**** Provided data ****

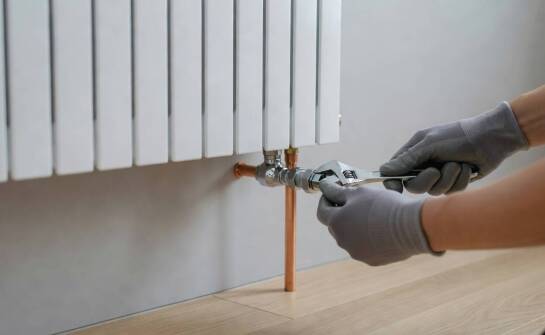 Kiedy grzejnik aluminiowy wymaga zaworu prostego, a kiedy kątowego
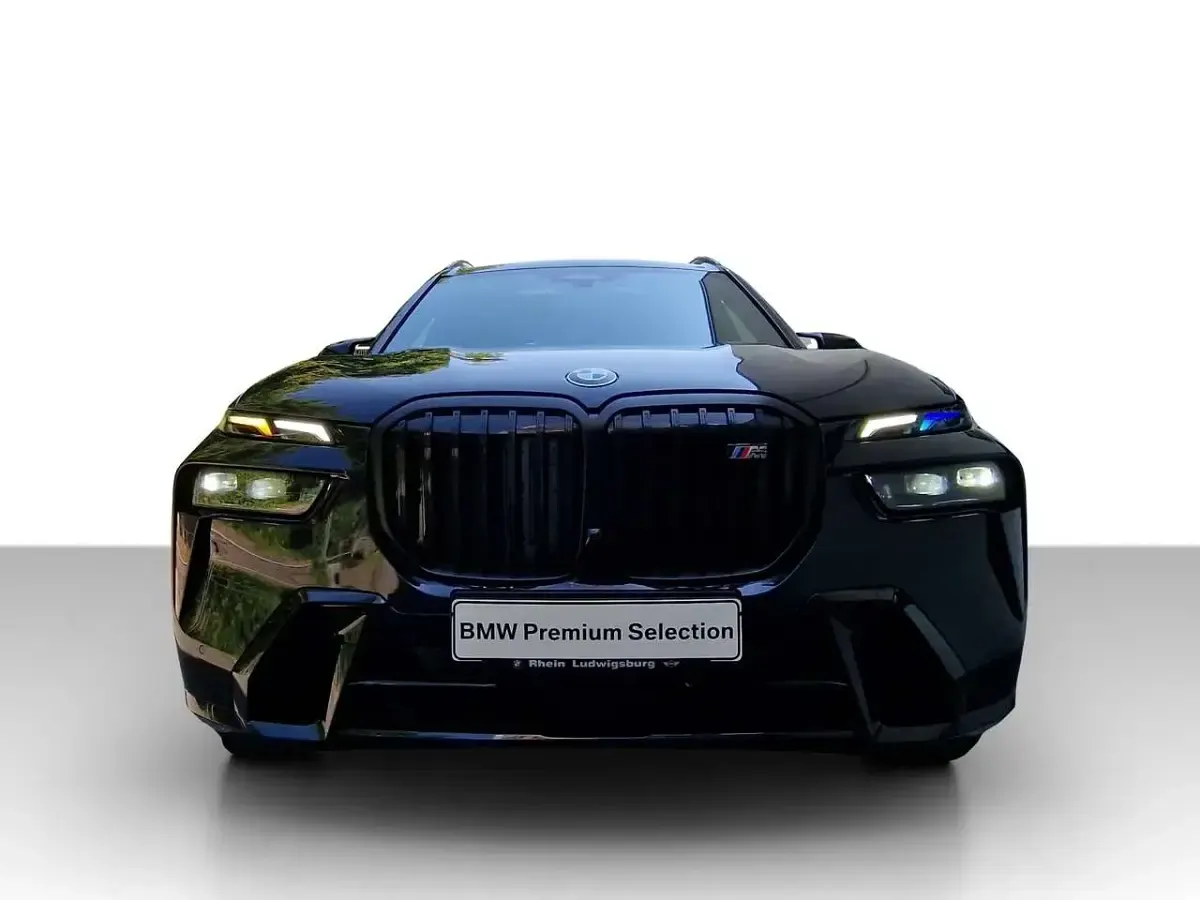 Gebraucht BMW X7 M Sport 530 PS (389 kW) 2025 Schwarz SUV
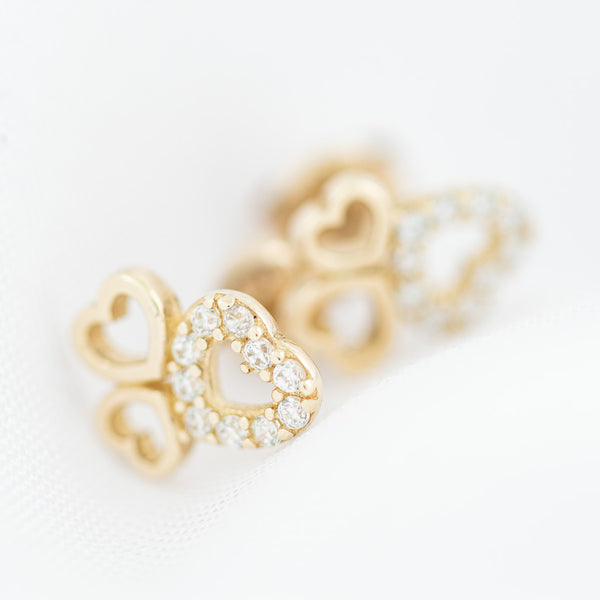 Aretes diseño especial motivo corazones y circonias en oro amarillo 14 kilates.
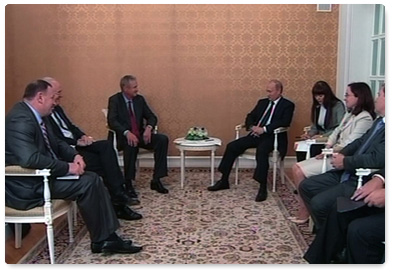 Prime Minister Vladimir Putin meets with President and CEO of Boeing Commercial Airplanes James Albaugh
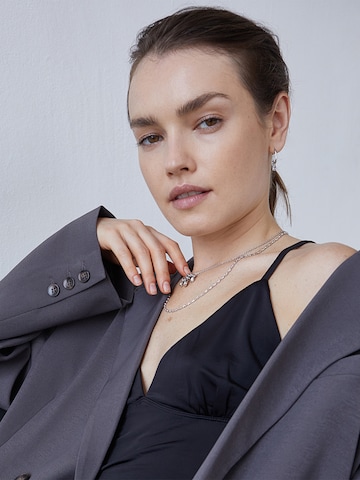 Echtzeit Earrings in Silver: front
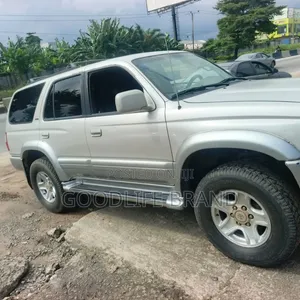 Toyota 4-Runner Limited 4x4 2004 Ivory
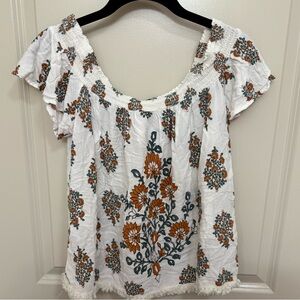Xhilaration White and Orange Floral Blouse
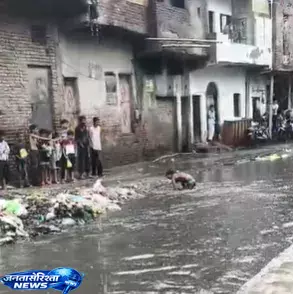 Dirty पानी में नहाते बच्चे, प्रशासन की अनदेखी आई सामने Dirty पानी में नहाते बच्चे, प्रशासन की अनदेखी आई सामने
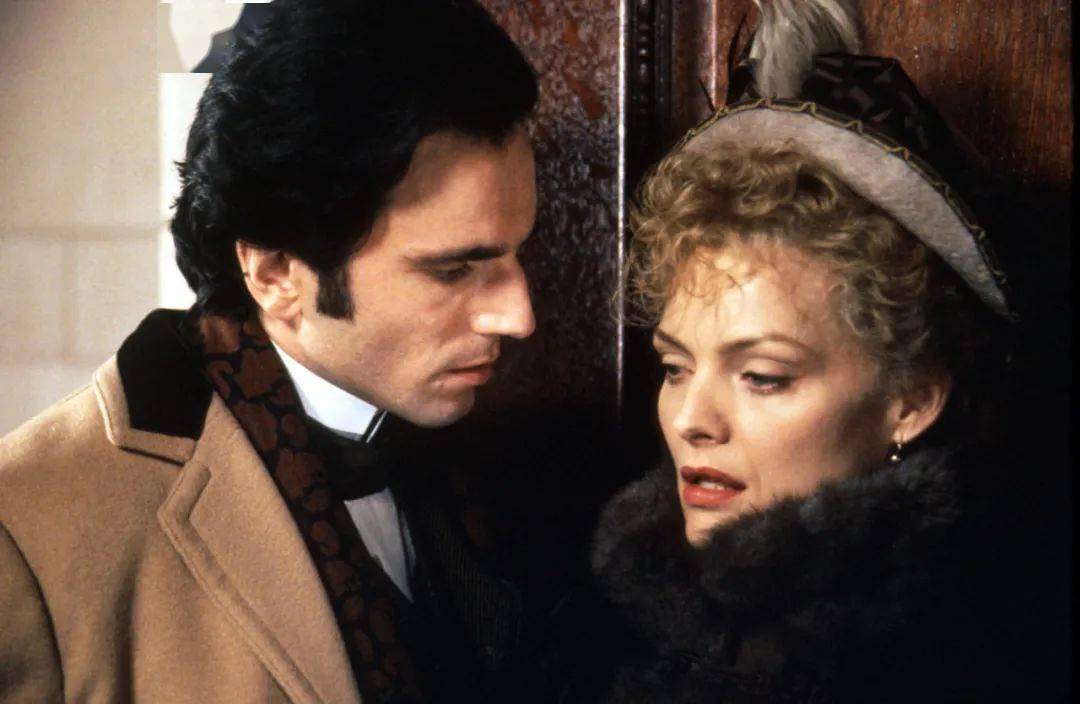 ÿһĻ�����ͻ�������Ů���Ψ�����鱯��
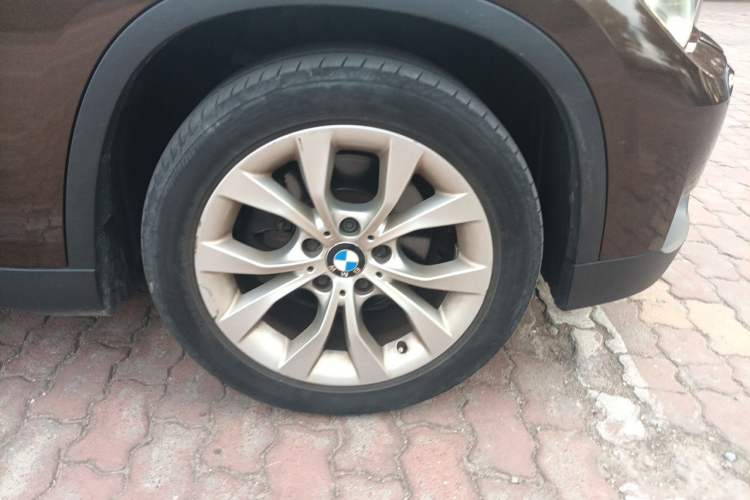 Used BMW X1 2013 sDrive18i Leading Model Right Front Wheel Hub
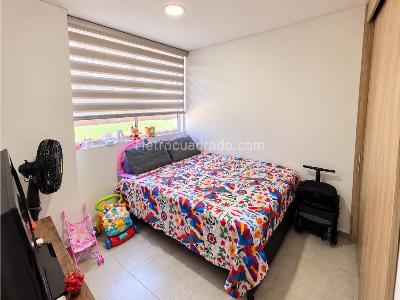 Apartamento de 3 alcobas en venta en Las Villas, Itagüí, 95 m² · foto 12 de 14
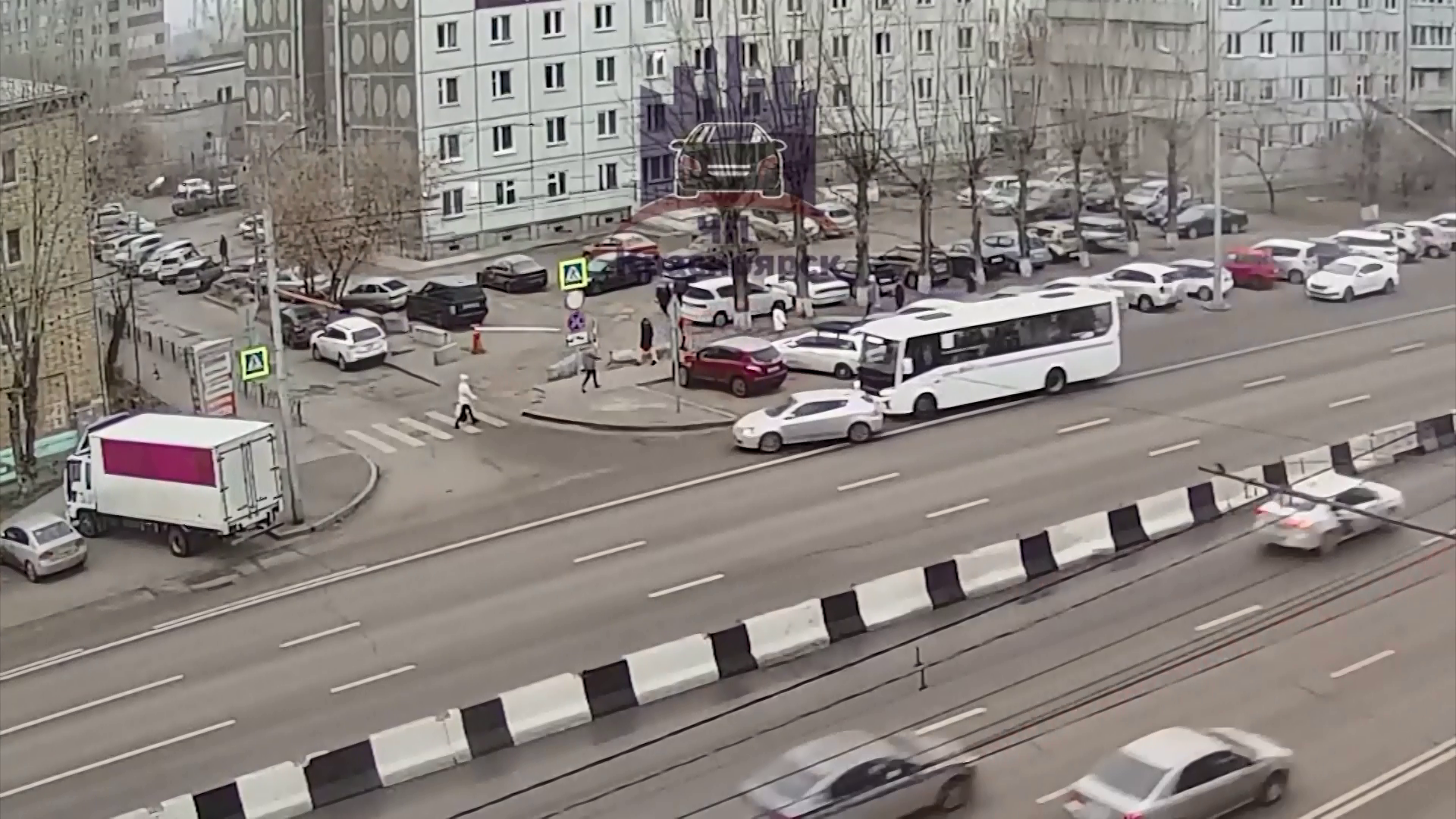 В советском районе автобус врезался в легковушку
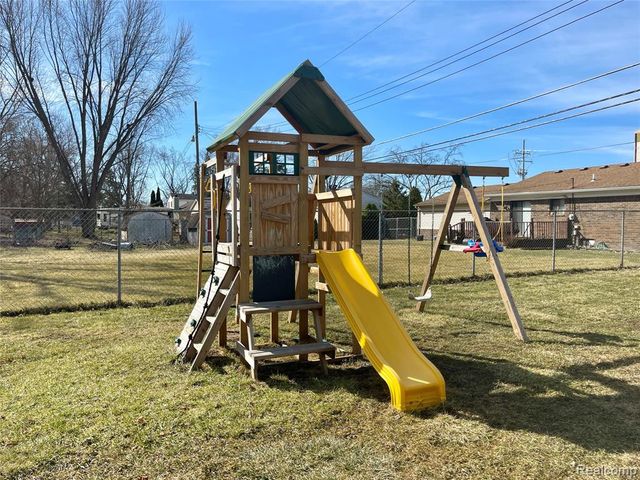 19464 Parkville Street, Livonia, MI 48152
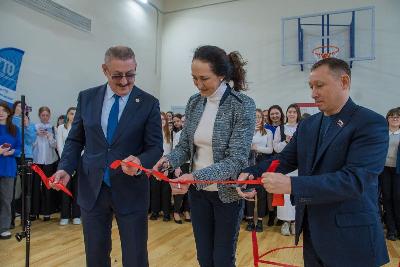 Торжественное открытие спортивного зала в Кировском районе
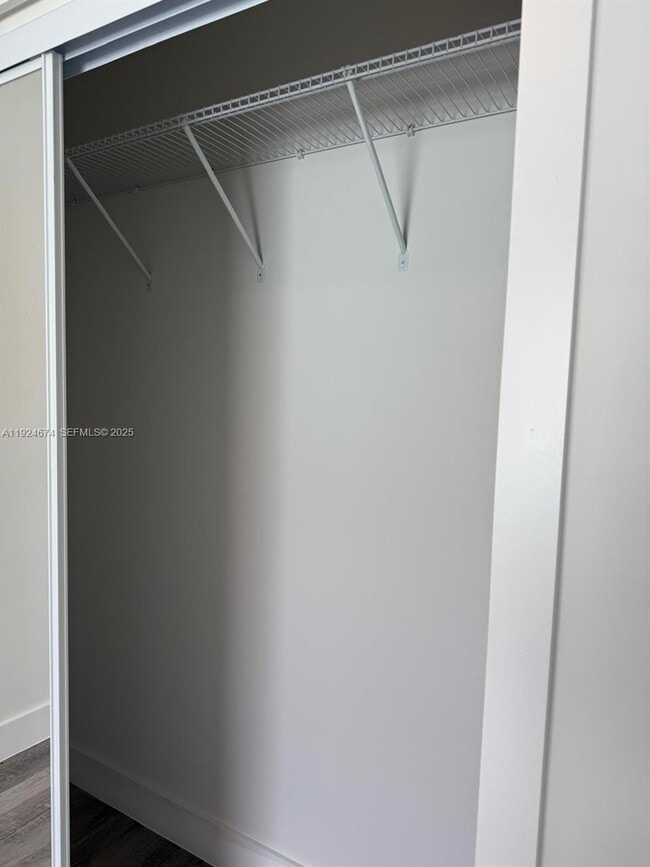 Building Photo - 710 Bedford Point Ave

****

→ **What is needed**:
Every line of the material should be repeated precisely; pictures are to be excluded.

→ **The completed task**:
 Kiedy grzejnik aluminiowy wymaga zaworu prostego, a kiedy kątowego
 Gebraucht BMW X7 M Sport 530 PS (389 kW) 2025 Schwarz SUV
 Aretes diseño especial motivo corazones y circonias en oro amarillo 14 kilates.
 Prime Minister Vladimir Putin meets with President and CEO of Boeing Commercial Airplanes James Albaugh
 Echtzeit Earrings in Silver: front
 Toyota 4-Runner Limited 4x4 2004 Ivory
Xhilaration White and Orange Floral Blouse
 Dirty पानी में नहाते बच्चे, प्रशासन की अनदेखी आई सामने Dirty पानी में नहाते बच्चे, प्रशासन की अनदेखी आई सामने
 ÿһĻ�����ͻ�������Ů���Ψ�����鱯��
 Used BMW X1 2013 sDrive18i Leading Model Right Front Wheel Hub
 Apartamento de 3 alcobas en venta en Las Villas, Itagüí, 95 m² · foto 12 de 14
 В советском районе автобус врезался в легковушку
 19464 Parkville Street, Livonia, MI 48152
 Торжественное открытие спортивного зала в Кировском районе
 Building Photo - 710 Bedford Point Ave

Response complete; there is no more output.